En 2022, en France, un salarié sur deux perçoit un salaire horaire brut d’au plus 16,4 euros. Ce niveau médian est inférieur de 18 % au salaire horaire moyen, ce qui reflète la concentration des salaires dans le bas de la distribution.

En excluant les salariés du secteur de l’administration publique, à des fins de comparaisons internationales, le salaire horaire brut médian en France est de 16,5 euros. Au sein de l’Union européenne (UE), la France a le 10e salaire médian le plus élevé sur 27 pays, notamment derrière l’Allemagne (18,9 euros). Ce salaire médian varie fortement selon les pays, dans un rapport de 1 à 7. Ce rapport diminue à 6 si l’on exclut le Danemark, pays de l’UE au salaire horaire brut médian le plus élevé (29,7 euros), où la protection sociale est financée par l’impôt sur le revenu et non par le prélèvement de cotisations sociales auprès des employeurs. Suivent le Luxembourg et la Belgique (23,8 euros) et l’Irlande (20,1 euros). À l’inverse, les salaires horaires bruts médians sont les plus faibles dans les pays de l’est de l’Europe : Bulgarie (4,1 euros), Roumanie (5,6 euros) et Hongrie (5,7 euros).

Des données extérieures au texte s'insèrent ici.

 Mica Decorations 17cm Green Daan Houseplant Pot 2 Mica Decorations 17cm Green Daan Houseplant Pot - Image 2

1. Standard de pouvoir d’achat.

Cercle de l’Epargne – données INSEE – Eurostat

Inflation, baisse confirmée en février en France

En février 2025, l’indice des prix à la consommation (IPC) est resté stable sur un mois, après une hausse de0,2 % en janvier. Le recul des prix de l’énergie (‑4,6 % après +1,6 %), expliqué par la baisse de ceux de l’électricité (‑12,6 % après ‑0,1 %), a été  compensé d’une part par la hausse des prix des services (+0,6 % après +0,3 %), en particulier ceux des services de transports (+3,9 % après ‑8,3 %) et des loyers, eau, enlèvement des ordures ménagères (+1,1 % après +0,2 %), et d’autre part par le rebond des prix des produits manufacturés (+0,3 % après ‑1,1 %). Sur un mois, les prix du tabac augmentent moins rapidement que le mois précédent (+0,2 % après +3,8 %), tandis que ceux de l’alimentation se replient légèrement (‑0,1 % après +0,3 %).

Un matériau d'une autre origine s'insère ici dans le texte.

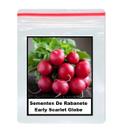Sementes De Rabanete Early Scarlet Globe 60 unidades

Corrigés des variations saisonnières, les prix à la consommation baissent de 0,5 % en février 2025, après +0,5 % en janvier.

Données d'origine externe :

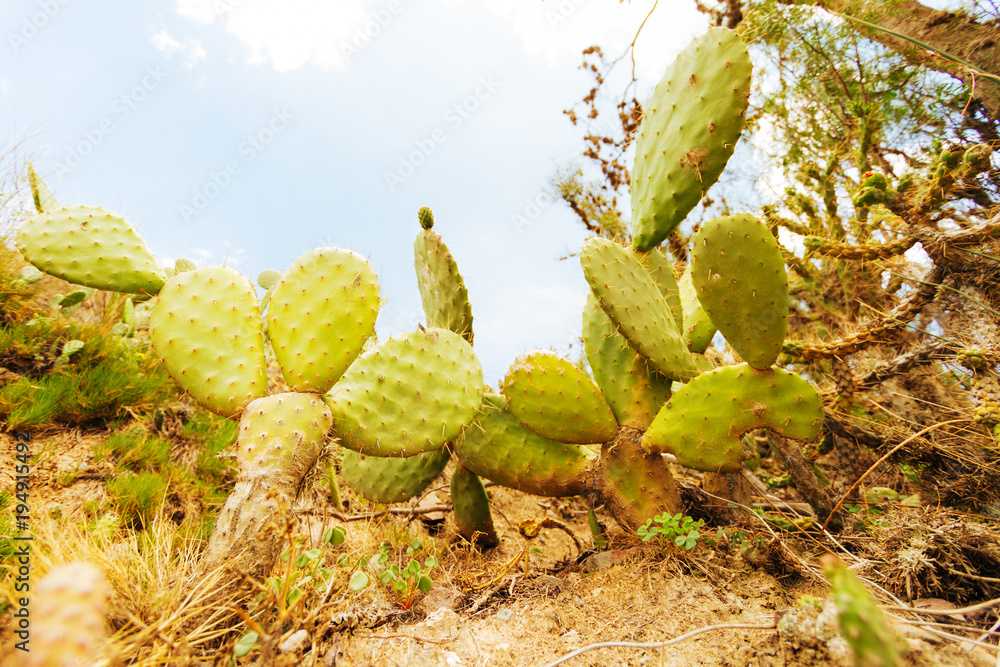 Several prickly pears in a cactus field Several prickly pears in a cactus field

Sur un an, les prix à la consommation augmentent de 0,8 % en février  après +1,7 % en janvier. Pour la première fois depuis février 2021, le glissement annuel passe en deçà de 1 %. Cette baisse de l’inflation s’explique par le recul des prix de l’énergie sur un an (‑5,8 % après +2,7 %), et par la décélération de ceux des services (+2,2 % après +2,5 %), des produits manufacturés (stables après +0,2 %) et du tabac (+4,5 % après +6,0 %). À l’inverse, les prix de l’alimentation augmentent un peu plus vite en février qu’en janvier (+0,3 % après +0,1 %).

L’inflation sous-jacente ralentit légèrement sur un an et s’établit à +1,3 % en février 2025, après +1,4 % en janvier.

L’indice des prix à la consommation harmonisé (IPCH) rebondit sur un mois (+0,1 % après ‑0,2 % en janvier). Sur un an, il augmente de 0,9 %, après +1,8 % en janvier.